For the first time, cyclical stock Micron Technology (MU) announced a $10 billion buyback program in fiscal 2018. A stock buyback program generally happens for a profitable company with stable cash flow, like Qualcomm (QCOM) and Intel (INTC). A stock buyback program from a cyclical company like Micron, which enjoys strong cash flows during cyclical upturns and suffers from negative cash flow during downturns, comes with its own risks and rewards.
The current bearish environment on Micron presents the company’s management with an opportunity to buy back as much as 20% of the outstanding shares from the $10 billion budget and improve its EPS by ~25%. If a company reduces the share count, the earnings would be divided among fewer shares, increasing EPS. However, for a cyclical stock like Micron, a buyback could have a compounding impact on both profits and losses.
Micron’s buyback—the bear case
Bears expect Micron’s earnings to fall as the company is hit by the cyclical downturn. If the company’s EPS fall to zero, a share buyback makes no sense since there would be no EPS accretion. In the worst-case scenario, if the company reports negative EPS, the buyback would compound the losses with each share bearing a larger loss due to reduced share count.
To a bear, Micron is better off keeping the cash in the balance sheet or paying off a one-time hefty dividend to shareholders instead of spending it on buybacks.
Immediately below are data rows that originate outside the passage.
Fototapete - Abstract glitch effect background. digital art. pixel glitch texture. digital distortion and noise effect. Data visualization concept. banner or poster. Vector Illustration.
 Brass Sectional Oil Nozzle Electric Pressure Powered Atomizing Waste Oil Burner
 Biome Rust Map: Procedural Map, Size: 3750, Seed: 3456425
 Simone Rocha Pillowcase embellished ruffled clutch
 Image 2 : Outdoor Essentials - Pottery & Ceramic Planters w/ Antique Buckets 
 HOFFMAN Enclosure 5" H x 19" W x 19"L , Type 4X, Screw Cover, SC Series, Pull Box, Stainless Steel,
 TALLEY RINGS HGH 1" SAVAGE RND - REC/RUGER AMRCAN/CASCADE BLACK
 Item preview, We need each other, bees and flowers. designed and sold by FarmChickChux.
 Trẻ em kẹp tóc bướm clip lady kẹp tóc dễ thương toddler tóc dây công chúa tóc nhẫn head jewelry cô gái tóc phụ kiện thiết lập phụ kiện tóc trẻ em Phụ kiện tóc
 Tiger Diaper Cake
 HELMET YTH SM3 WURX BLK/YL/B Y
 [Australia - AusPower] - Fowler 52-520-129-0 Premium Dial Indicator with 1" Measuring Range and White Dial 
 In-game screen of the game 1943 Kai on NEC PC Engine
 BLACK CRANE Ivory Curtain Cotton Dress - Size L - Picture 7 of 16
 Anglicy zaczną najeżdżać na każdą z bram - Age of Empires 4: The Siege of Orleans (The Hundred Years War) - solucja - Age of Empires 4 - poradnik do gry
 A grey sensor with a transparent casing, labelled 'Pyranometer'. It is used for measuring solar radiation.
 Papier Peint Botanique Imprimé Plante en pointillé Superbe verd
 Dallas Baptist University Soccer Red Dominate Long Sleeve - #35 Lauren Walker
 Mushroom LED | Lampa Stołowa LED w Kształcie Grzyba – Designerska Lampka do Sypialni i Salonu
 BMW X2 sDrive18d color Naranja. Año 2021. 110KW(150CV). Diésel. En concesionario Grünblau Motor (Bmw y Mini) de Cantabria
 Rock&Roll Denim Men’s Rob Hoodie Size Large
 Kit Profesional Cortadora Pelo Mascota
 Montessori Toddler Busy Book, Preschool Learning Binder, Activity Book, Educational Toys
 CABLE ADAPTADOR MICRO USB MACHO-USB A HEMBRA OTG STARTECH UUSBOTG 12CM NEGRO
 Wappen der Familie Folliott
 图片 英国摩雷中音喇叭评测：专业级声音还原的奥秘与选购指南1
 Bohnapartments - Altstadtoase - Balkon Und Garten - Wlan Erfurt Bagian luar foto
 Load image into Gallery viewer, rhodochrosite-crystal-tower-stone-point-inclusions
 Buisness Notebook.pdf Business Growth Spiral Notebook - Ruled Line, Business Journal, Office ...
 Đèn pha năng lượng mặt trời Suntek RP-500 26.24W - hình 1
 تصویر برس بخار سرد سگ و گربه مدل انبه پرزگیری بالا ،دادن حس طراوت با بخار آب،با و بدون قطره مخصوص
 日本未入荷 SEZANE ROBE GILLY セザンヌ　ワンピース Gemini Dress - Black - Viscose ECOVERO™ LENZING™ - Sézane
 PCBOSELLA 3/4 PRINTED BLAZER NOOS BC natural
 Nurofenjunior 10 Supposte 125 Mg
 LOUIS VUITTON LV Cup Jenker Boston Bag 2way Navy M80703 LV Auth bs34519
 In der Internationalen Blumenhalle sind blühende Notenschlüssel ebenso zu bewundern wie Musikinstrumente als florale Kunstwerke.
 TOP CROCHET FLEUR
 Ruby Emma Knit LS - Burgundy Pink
Micron’s buyback—the bull case
A bull expects Micron’s earnings to revive in the long term as memory prices stabilize. The company can buy back more shares from its current budget, thereby lowering the share count significantly. Once it returns to positive cash flow, the EPS accretion will compound.
Micron is a risky investment, but this risk comes with its own compounded rewards. If investors are bullish on Micron’s long-term growth prospects, they should keep a watch on the stock price and buy when the stock bottoms out.